Well we signed Jake Long..... He was a former # 1 draft choice. Now he hasn't lived up to his potential at all. But hope he can be a good back up or move into the starting role.

We will see how we come out of the bye week and how we can keep rolling after seeing some teams a second time.

But when has a team been 5-0 that has lost Starting: QB, RB, LT, RT, and also had injuries at CB (Rhodes missed 3 games), #1 WR (diggs out), starting DT (Floyd), TE (Pruitt, Morgan, Ellison).

Yes I know a lot of teams get banged up. But we have lost 4 major positions and plus the normal wear and tear. Lets hope we can keep rolling. It has been a fun year so far.

As of now our remaining schedule has 7 of 11 of our remaining games are against teams under .500.... (playing bears and lions twice) So we still have a tough row to hoe. But if we win those games that is a 12 win season!!! (knock on wood)


----------



## 9manfan

My kids were telling me last nite we would sign Jake Long, I didn't think it would happen, seems as though they are putting everything into this year to win it all..........like I said before, keep the D healthy because Defense wins Championships.......


----------



## speckline

Well queen fans, you've had a stellar season up to Sunday's game. :beer: Obviously, as a Packer fan, I was happy to see the queens beat!! :rock: 
Question for you is: With all the injuries at key positions on offense that the Vikes have incurred and the fact that the offense was anemic against the Philly defense, do you think the vike offense has been exposed and the Philly defensive gameplan will be the plan going forward against the queens? Or do you feel this game was a hiccup coming off the bye week??


----------



## 9manfan

Our O-line is terrible or maybe a work in progress I hope, not too worried with this loss, Philly has a pretty good defense and Bradford had zero time to throw the ball, if we score on that first turnover when we had the ball at the 2 it could of changed the game a lot, but that's the way the ball bounces.....if we lose to DaBears next Monday then I will be alittle worried........Go Vikes !!!!!!!!!!!!!!!!!!!!!!!!!!!!!!!!!!!


----------



## Chuck Smith

I agree with 9man....

The sky isn't falling like the media and others are trying to portray. Just like when Rodgers had a couple bad games.... things are not that bad.

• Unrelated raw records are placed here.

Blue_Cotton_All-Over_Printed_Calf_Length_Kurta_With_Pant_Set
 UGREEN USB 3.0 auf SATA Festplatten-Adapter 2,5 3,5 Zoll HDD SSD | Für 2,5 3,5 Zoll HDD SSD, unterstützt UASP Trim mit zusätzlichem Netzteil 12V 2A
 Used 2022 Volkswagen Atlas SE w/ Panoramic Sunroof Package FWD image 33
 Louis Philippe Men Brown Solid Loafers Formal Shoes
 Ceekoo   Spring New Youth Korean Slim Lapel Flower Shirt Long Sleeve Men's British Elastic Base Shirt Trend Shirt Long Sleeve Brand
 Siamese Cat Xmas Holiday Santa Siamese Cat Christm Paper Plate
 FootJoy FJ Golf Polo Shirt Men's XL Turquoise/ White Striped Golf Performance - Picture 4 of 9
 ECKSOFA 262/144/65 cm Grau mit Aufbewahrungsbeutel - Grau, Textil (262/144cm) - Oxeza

Yes our O-line play was like the titantic... huge holes in it. But Phi has a good d-line and has good outside rushers. I think that other teams will see this game film and try to duplicate it. Yet our weak O-line shouldn't be a surprise.... We have lost two starting tackles. It isn't a hidden secret at all. Just like our coaches will watch the film and make corrections.

The game on sunday was also we didn't get a sack on Wentz!!! MN gave up 6 sacks, 1 INT, 3 lost fumbles, a kick off returned on them, and a muffed punt. You shouldn't win games with those stats.

We need a rebound game.... CHI is a good one to have it against. Not the strongest D-line, a weaker DEF, O-line isn't that strong and discord in CHI-town.... most will be thinking Cubs. The only thing is Cutler is coming back... or could be back. So he could have one of his 300 yards, 4 td games...... or lets hope his 130 yards, 4 int games.


----------



## speckline

cutler would be to your advantage


----------



## 9manfan

speckline said:


> cutler would be to your advantage


 :thumb: :thumb: :thumb:


----------



## huntin1

:lol: :lol:


----------



## speckline

Game plan to beat the queens has been established :rollin: Reminds me of the 2015 Falcons. I predict they won't make the playoffs unless something major changes on offense. That offense is as bad as you can get!!! oke:


----------



## Chuck Smith

When you cant run the ball you are easy to defend against. Asiata doesn't hit the holes hard at all. Bradford isn't stepping up into the pocket... our tackles are not blocking, gaurds are getting blown up. I mean it is all horrible on the offensive line front. Also another thing.... how many batted down passes or tipped passes did we have?? Is Bradford not recognizing passing lanes? I mean these guys were not in his face tipping balls they were 3-4 yards away from him tipping them. The whole offense is sputtering. Not just the O-line.

Now lets talk about our defense the past two games...... 1 sack. So we are not getting the pressure on their QB. Their line dominated out D line. Our tackling was awful....we were bouncing off of their RB.

I will give the bears credit they played good and beat the Vikes out right.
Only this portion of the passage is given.